The Czech Republic also underperformed amid consumption pressures. China showed signs of moderating recovery, with retail sales and industrial production contracting in April.
Kuwait, UAE, and Saudi Arabia underperformed due to weakening oil prices. Colombia, Peru, and Chile lagged, with Colombia facing political uncertainty and concerns about reclassification to frontier market status.
Brazil and Qatar posted small gains and outperformed, as did India despite the rupee's depreciation. Hungary gained on positive sentiment regarding interest rate cuts. Taiwan and Korea outperformed, led by technology shares and AI optimism.
Greece was the top-performing market in May, as the ruling New Democracy party's strong election results eased coalition fears. Another round of voting is scheduled for June 25.
Global Bonds:
Government bond yields generally rose in May, with divergence between markets. Weaker data in the eurozone led to market outperformance. The US Federal Reserve announced its 10th interest rate hike, raising the Fed funds rate to a target range of 5% to 5.25%. The Bank of England and European Central Bank also raised rates by 0.25%.

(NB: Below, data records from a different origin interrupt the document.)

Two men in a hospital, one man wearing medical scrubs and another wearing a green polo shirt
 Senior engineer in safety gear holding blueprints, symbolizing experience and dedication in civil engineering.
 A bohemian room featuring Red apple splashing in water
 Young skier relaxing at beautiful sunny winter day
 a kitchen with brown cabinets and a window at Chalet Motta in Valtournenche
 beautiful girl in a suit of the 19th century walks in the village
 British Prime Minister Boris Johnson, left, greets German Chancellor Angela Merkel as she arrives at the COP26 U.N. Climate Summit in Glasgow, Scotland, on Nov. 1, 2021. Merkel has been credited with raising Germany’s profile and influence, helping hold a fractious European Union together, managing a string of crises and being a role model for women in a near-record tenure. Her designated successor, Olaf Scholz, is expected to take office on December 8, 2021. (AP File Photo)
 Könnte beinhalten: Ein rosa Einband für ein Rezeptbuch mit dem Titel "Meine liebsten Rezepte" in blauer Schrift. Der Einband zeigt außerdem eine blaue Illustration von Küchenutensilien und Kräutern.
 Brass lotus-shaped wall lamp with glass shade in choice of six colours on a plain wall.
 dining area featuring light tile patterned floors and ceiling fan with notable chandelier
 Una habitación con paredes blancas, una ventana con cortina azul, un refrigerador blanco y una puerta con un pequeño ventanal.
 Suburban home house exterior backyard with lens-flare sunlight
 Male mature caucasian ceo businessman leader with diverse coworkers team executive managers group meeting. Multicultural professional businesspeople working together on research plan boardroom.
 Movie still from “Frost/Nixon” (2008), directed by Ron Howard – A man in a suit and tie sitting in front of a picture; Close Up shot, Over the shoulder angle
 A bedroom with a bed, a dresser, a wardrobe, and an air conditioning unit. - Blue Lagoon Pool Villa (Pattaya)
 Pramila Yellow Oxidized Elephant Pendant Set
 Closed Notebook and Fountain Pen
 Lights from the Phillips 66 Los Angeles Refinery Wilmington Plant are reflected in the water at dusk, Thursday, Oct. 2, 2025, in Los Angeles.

The US 10-year yield increased from 3.42% to 3.63%, with the two-year rising from 4.01% to 4.40%. Germany's 10-year yield decreased slightly from 2.31% to 2.27%. The UK's 10-year yield saw the largest increase, rising from 3.72% to 4.18%, with the two-year yield increasing from 3.78% to 4.34%.
Global growth concerns re-emerged, with weak manufacturing activity across major economies, particularly in the eurozone. Service sectors showed continued resilience, prompting a hawkish response from Fed members. A US debt ceiling deal assuaged market concerns and dampened volatility.
The UK bond market underperformed the US and Europe due to higher-than-expected inflation. Positive eurozone inflation data at month-end supported the market.
Credit market performance was mixed, with US markets underperforming Europe in both investment grade and high yield. European high yield performed well, with positive total returns and excess returns over government bonds, while US total returns were negative.
The US dollar performed well against all G10 currencies amid a weakening global backdrop. The Swedish krona notably underperformed due to weak activity data.